CALGARY -- Close to 70 per cent of the workers inside Cargill’s High River meat processing plant are of Filipino descent, the site of Canada’s largest outbreak of COVID-19, and say it’s resulted in a backlash against them.
“Some of them are being asked ‘Are you an employee of Cargill?’, and they get turned down to shop at a grocery store for example," said Marichu Antonio the executive director of ActionDignity, a Calgary-based non-profit organization . “Even if they have been cleared by Alberta Health Services, they have to go back home not carrying any groceries because they're not allowed to get in.”
Antonio said some banks have even refused entry to members of the Filipino community for fears they may be carrying the virus.
“And now it’s being written online” said Antonio, “blaming the Filipino community for spreading the virus when the reality is they (Cargill workers) got this from work.”
Arwyn Sallegue is one of those Cargill workers who contracted COVID-19 on the job.
“No one can be blamed because this virus is not made by us," said Sallegue. “You can’t blame someone else, it's just a virus. Everybody can get hit by this virus, (it) doesn't matter who you are, if you are white or black, or anyone.
"Everyone can contract it."
While many Cargill workers are Temporary Foreign Workers (TFW), Sallegue is a permanent resident of Canada.
He tested positive for COVID-19 on April 23.
The same day, Sallegue’s father Armando , who was visiting from the Philippines, tested positive for the disease.
Monday morning Sallegue got notification he no longer had COVID-19, but he remains in quarantine. Additionally, three of Arwyn's five children have recovered from COVID-19.while a fourth is awaiting test results (his youngest child tested negative). His wife Mercy, has symptoms of the disease, but has not yet been tested.
Sallegue’s father is in Calgary’s Rockyview hospital, where Sunday night a nurse holding a mobile phone let Arwyn and his family show their love and support to Armando as he was sedated and placed on a ventilator.
Misplaced blame
Cesar Cala with the Philippines Emergency Response Taskforce said Filipinos are not to blame for the Cargill outbreak.
“Sometimes there's a tendency to lay blame, sometimes inadvertently.” said Cala.
Cala said Alberta health officials and politicians need to speak out against scapegoating.
"Our public officials, public health officials, people who have who have a leadership role to play in our public realm, they need to give out the message that this is an issue that all of us own, and not to single out people.”
Another significant issue surrounding the Cargill employees is the fact that many of them are Temporary Foreign Workers (TFW), who face strict limitations on job mobility.
Cala said TFW’s ability to stay in Canada is tied to employment with a single employer, so they are not able to quit and look for a new job when they feel unsafe at work. Cala says even though the work performed by Cargill workers is essential, it is undervalued.
“If we really valued the work that they do then let it show.” said Cala “Let it show in terms of of their economic well-being and also their overall well-being.
"ff we did have that in place in the first place," he added, "then some of the (workplace illness) situations would be different.”
Action Dignity is raising funds to buy groceries and protective supplies for Cargill employees and their family members impacted by COVID-19, which are being delivered by community volunteers, such as nurses and grocery store employees, said Antonio.

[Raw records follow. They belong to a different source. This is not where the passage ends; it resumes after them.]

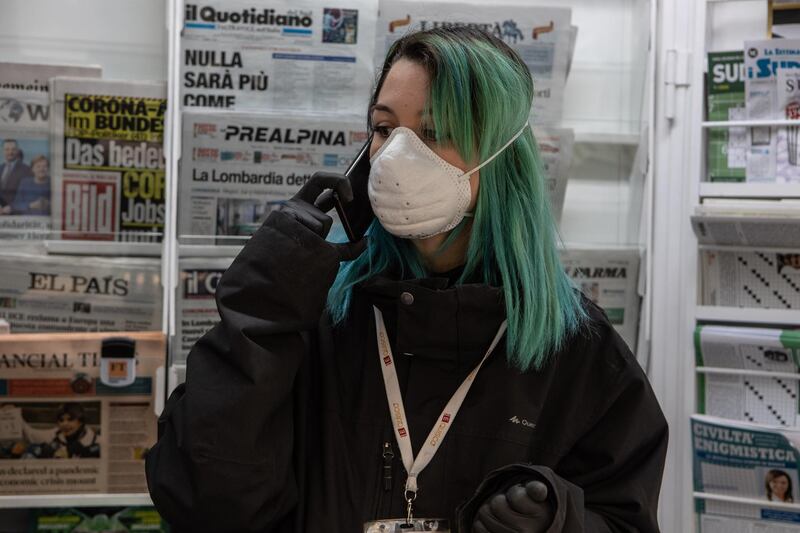 MILAN, ITALY - MARCH 11: A newsagent speaks over the ohone inside her news kiosk on March 11, 2020 in Milan, Italy. The Italian Government has strengthened up its quarantine rules, shutting all commercial activities except for pharmacies, food shops, gas stations, tobacco stores and news kiosks in a bid to stop the spread of the novel coronavirus. (Photo by Emanuele Cremaschi/Getty Images)
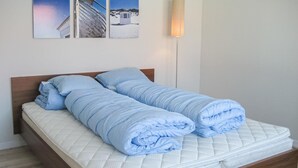 Ein ordentlich bezogenes Bett mit einer gesteppten Matratze und blauer Bettwäsche, einem Holz-Kopfteil und einer Wandlampe.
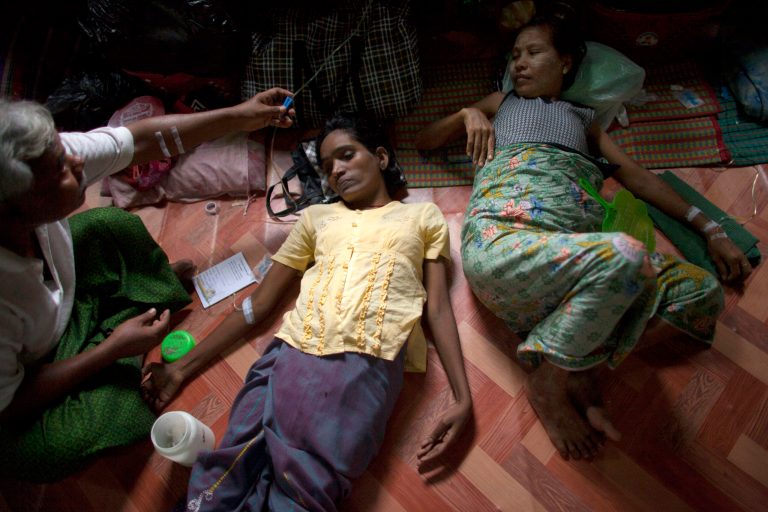   In this Sept. 1, 2012 photo, an HIV-infected woman, center, receives medication through an intravenous drip after she fainted, as another HIV patient, right, is also treated in a hut shared with other HIV patients at an HIV/AIDS hospice on the outskirts of Yangon, Myanmar. According to UNAIDS, AIDS kills an estimated 18,000 people a year in Myanmar. The country is one of the hardest places in the world to receive HIV treatment. Myanmar spent less than $1 per person on health in 2008, minus donor money, and ranks among the lowest countries in nearly every category of health care funding. Now, with the dramatic change that has given Myanmar an elected government, there are hopes for improvement, but the country faces a long climb. (AP Photo/Alexander F. Yuan)  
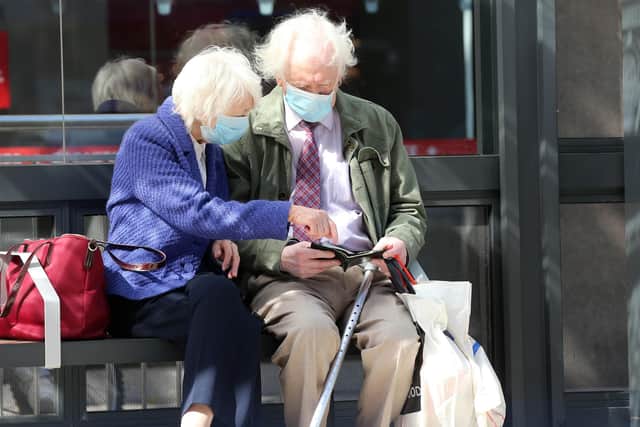 An elderly couple wear face masks as protection against Coronavirus while they wait at a bus stop in Belfast.
Photo: Pacemaker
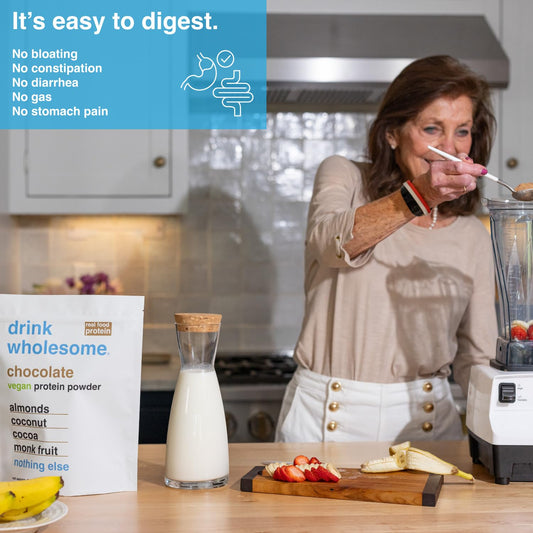 Drink Wholesome vegan protein powder scoop beside jar, showcasing a clean ingredient list for digestion.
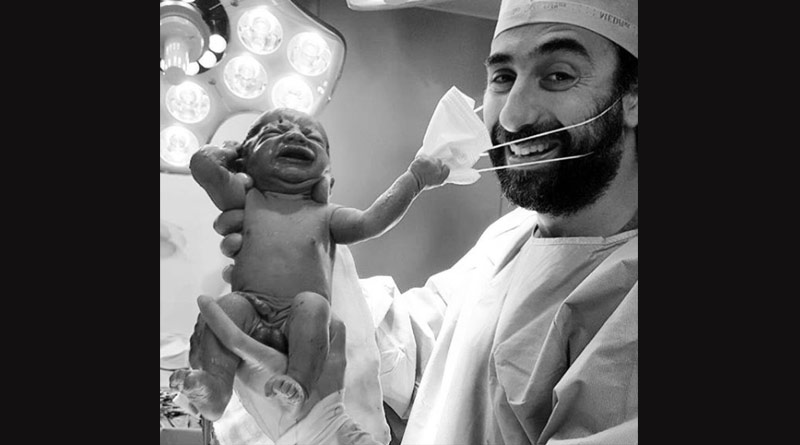 A viral photo of a newborn baby pulling a doctor's surgical mask has become a symbol of hope ।Sangbad Pratidin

"We call them angels," she said. "We have the stories of these workers, but we don't have the support, so we've been calling friends and asking them to please donate to Action Dignity and put that it's for Cargill workers.
"We'll order from stores and give them a list of the things they (COVID-19 positive workers) need and (then) they don't have to go out. We just have to connect people." Antonio said the organization is trying to raise around $250 per family, which is what she says it costs to support a family of four to six people for two weeks.